The two characters of Othello and Iago are gradually revealed to the audience as the first act unfolds. Othello is the protagonist in the play, which revolves around his corruption by Iago, the antagonist, and his increasing jealousy. Both protagonists and antagonists are linked to one another from how they address each other and talk about each other. In particular, the following paper focuses on how the protagonist and antagonist develop each other’s character.
Othello’s behavior in the play is influenced by the knowledge that Iago does not trust nor accept him for his race and only tolerates him because he serves a particular purpose and does not think of him as his equal. Therefore, Iago actively works to destroy Othello when he attempts to convince Othello that Desdemona is unfaithful to torment him (Nalisnick, Eric and Baird 481). One incident that makes Iago a chilling antagonist is when he says that he believes that his wife Emilia may have had an affair with Othello, stating, “I do suspect that the lusty Moor hath leaped into my seat (ACT 2.1).

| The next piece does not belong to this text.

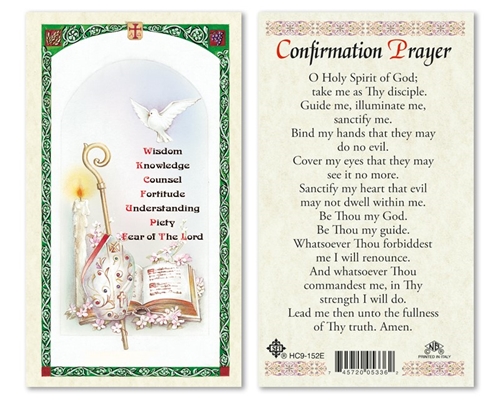 Confirmation Laminated Prayer Card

Ioga does not dwell on this accusation for long as he mentions it infrequently due to frustrations.
Therefore, Othello influences Iago’s character and depicts him as an ambitious, frustrated individual whose motivation is a megalomaniac and a callous desire to have authority over those around him and Othello in particular. Iago, a capable and experienced soldier, allows jealousy to overpower him when he believes that he deserves Othello’s appointment as general (Nalisnick, Eric and Baird 481). With Othello’s achievement as motivation, jealousy consumes Iago, and he resolves to manipulate and poison Othello’s mind.
In the beginning, all Othello desires to live an uncomplicated and contented life with his new wife, where he confesses to her, “If it were now to die or’ Twere now to be most happy” (Act 2.1.). Nevertheless, Iago’s manipulative nature convinces Othello that Desdemona has an affair with Cassio. As a result of Iago’s poisonous nature, Othello’s character shifts from a self-assured, confident man who remains calm and graceful in times of crisis (Van Duijn, Max, Ineke and Arie 152).

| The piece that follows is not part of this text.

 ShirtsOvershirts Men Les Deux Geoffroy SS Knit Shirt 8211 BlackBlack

For instance, Othello remains calm after Brabantio insults, after which he gladly obeys the Duke’s command to fight the Ottomans in cypress. However, by the time the play ends, Othello has turned into a vengeful man, saying, “To furnish me with some swift means of death or for the fair devil” (ACT 3.3.). Ioga makes him dangerously impulsive because he is fully convinced that the wife he so loves has been unfaithful. In act five, he swears, “thy bed, lust-stained, shall with lust’s blood be spotted” (ACT 5.1.).
Such sentiments are an indication of how Ioga breaks and torments Othello psychologically, making him more distrustful than he ever was. Similar to the reeds that break rather than bend, Othello is the hero whose significant strength is turned into weaknesses by the villain (Van Duijn, Max, Ineke and Arie 152). Loyalty and trust are the greatest strengths that encompass the character of Othello. However, these traits are the failing of Othello when he unconditionally trusts who Iago betrays the trust.
In conclusion, the central characters in the play Othello and Ioga are analogous in allowing their unfounded emotions to determine their actions and develop each other’s character. Iago’s villainous conspiracies and Othello’s diminishing strength intertwine mutually to steer the play’s plot until the end. Therefore, the protagonist and antagonist are central to the outcome because they develop each other’s character to create a hero and a villain who incite pity, fear, and pain among the audience.